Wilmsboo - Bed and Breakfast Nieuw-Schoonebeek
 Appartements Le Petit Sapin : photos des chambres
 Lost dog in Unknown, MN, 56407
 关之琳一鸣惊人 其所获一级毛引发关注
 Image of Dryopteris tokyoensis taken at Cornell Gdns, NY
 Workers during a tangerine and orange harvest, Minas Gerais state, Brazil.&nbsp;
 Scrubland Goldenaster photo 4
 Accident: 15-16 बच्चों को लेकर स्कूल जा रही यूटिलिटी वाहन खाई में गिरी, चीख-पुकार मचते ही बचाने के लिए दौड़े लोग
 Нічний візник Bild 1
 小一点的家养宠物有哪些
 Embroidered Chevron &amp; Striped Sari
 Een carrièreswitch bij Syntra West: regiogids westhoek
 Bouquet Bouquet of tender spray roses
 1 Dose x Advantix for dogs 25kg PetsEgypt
^^^^^^^^^^^^^^^^
_Prompt_.
Give back exactly the lines from the one containing "Appartements Le Petit" through the last line of the records.

_Completed task_.
 Appartements Le Petit Sapin : photos des chambres
 Lost dog in Unknown, MN, 56407
 关之琳一鸣惊人 其所获一级毛引发关注
 Image of Dryopteris tokyoensis taken at Cornell Gdns, NY
 Workers during a tangerine and orange harvest, Minas Gerais state, Brazil.&nbsp;
 Scrubland Goldenaster photo 4
 Accident: 15-16 बच्चों को लेकर स्कूल जा रही यूटिलिटी वाहन खाई में गिरी, चीख-पुकार मचते ही बचाने के लिए दौड़े लोग
 Нічний візник Bild 1
 小一点的家养宠物有哪些
 Embroidered Chevron &amp; Striped Sari
 Een carrièreswitch bij Syntra West: regiogids westhoek
 Bouquet Bouquet of tender spray roses
 1 Dose x Advantix for dogs 25kg PetsEgypt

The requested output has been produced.